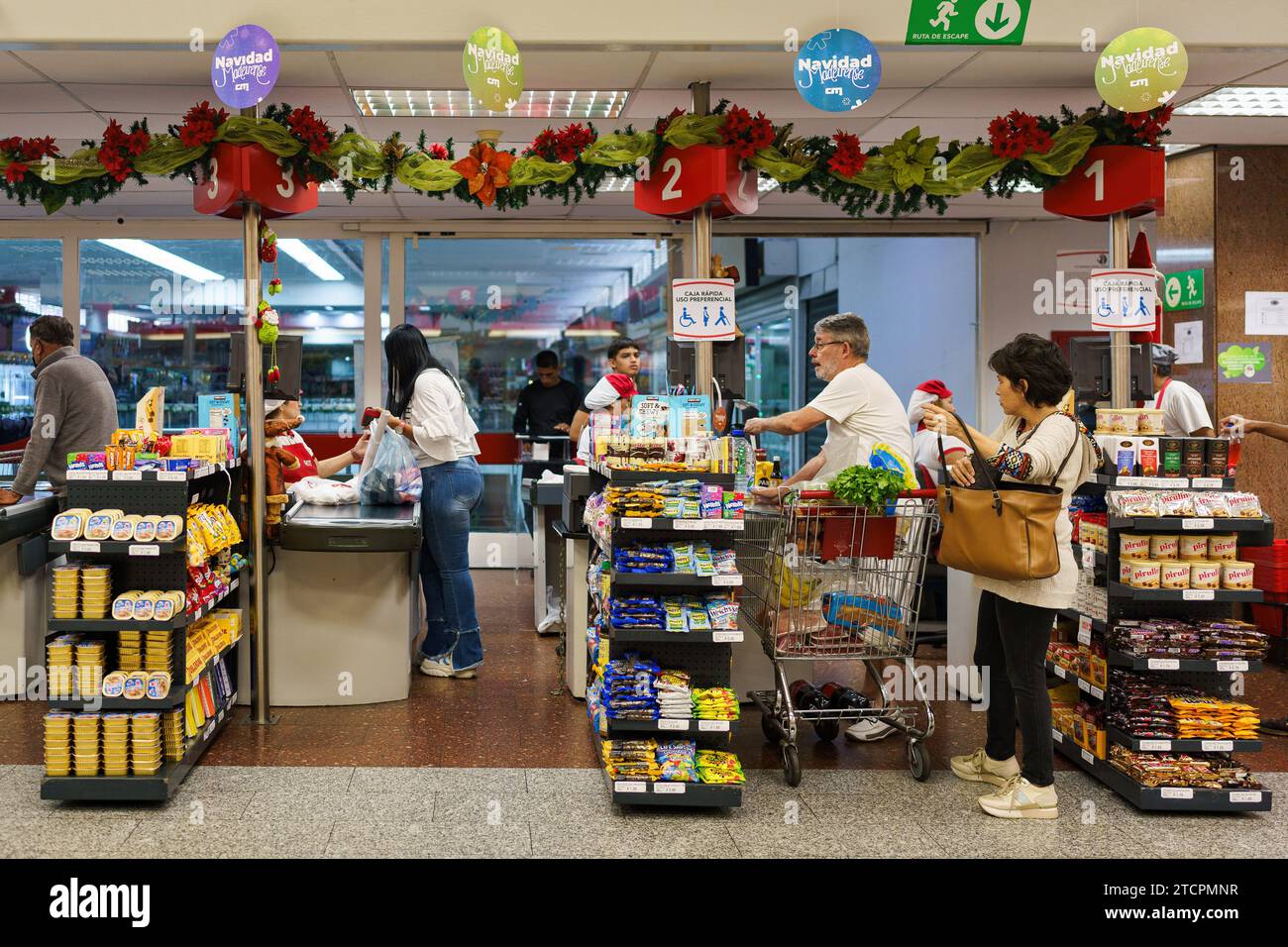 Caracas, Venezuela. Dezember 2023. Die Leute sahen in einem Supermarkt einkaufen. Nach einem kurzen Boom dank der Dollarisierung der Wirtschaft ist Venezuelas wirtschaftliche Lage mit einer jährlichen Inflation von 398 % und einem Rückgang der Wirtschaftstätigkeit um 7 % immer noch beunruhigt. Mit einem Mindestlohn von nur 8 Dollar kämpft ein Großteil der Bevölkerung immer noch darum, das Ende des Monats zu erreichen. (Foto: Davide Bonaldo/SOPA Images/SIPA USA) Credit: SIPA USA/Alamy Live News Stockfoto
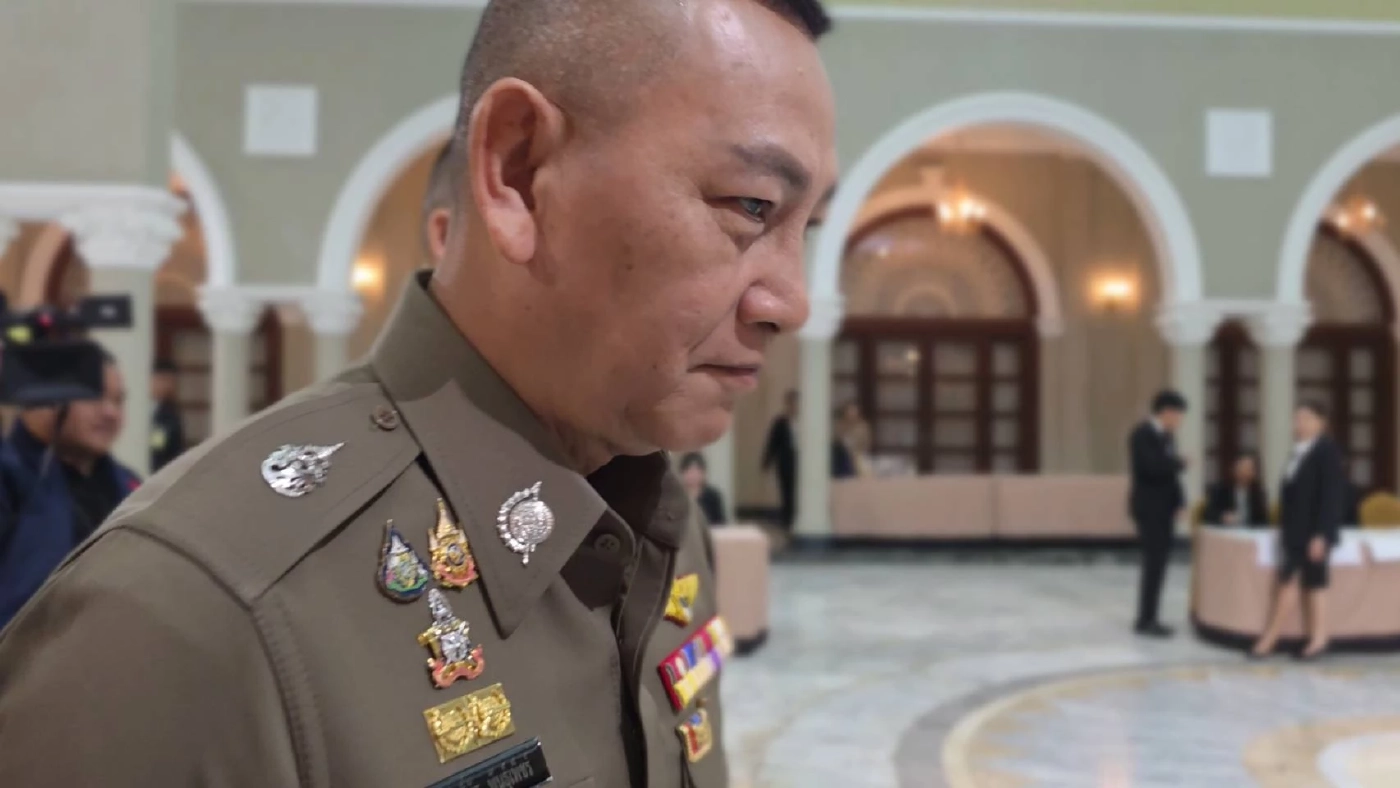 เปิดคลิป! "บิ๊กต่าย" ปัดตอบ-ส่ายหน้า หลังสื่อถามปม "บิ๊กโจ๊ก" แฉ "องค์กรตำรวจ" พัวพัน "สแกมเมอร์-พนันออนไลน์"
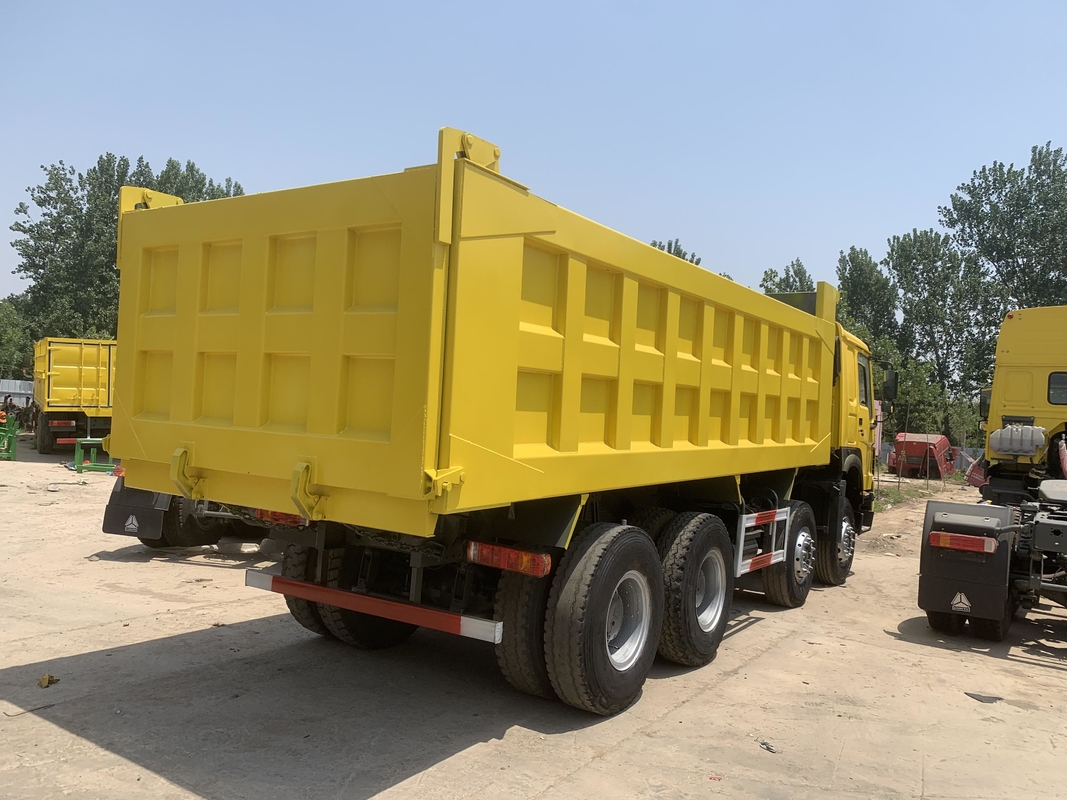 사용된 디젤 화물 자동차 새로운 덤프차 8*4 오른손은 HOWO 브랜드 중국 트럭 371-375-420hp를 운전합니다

WHAT THE TASK REQUIRES: Leaving out only the pictures, return the material above unchanged.

EXERCISE RESULT:
 Caracas, Venezuela. Dezember 2023. Die Leute sahen in einem Supermarkt einkaufen. Nach einem kurzen Boom dank der Dollarisierung der Wirtschaft ist Venezuelas wirtschaftliche Lage mit einer jährlichen Inflation von 398 % und einem Rückgang der Wirtschaftstätigkeit um 7 % immer noch beunruhigt. Mit einem Mindestlohn von nur 8 Dollar kämpft ein Großteil der Bevölkerung immer noch darum, das Ende des Monats zu erreichen. (Foto: Davide Bonaldo/SOPA Images/SIPA USA) Credit: SIPA USA/Alamy Live News Stockfoto
 เปิดคลิป! "บิ๊กต่าย" ปัดตอบ-ส่ายหน้า หลังสื่อถามปม "บิ๊กโจ๊ก" แฉ "องค์กรตำรวจ" พัวพัน "สแกมเมอร์-พนันออนไลน์"
 사용된 디젤 화물 자동차 새로운 덤프차 8*4 오른손은 HOWO 브랜드 중국 트럭 371-375-420hp를 운전합니다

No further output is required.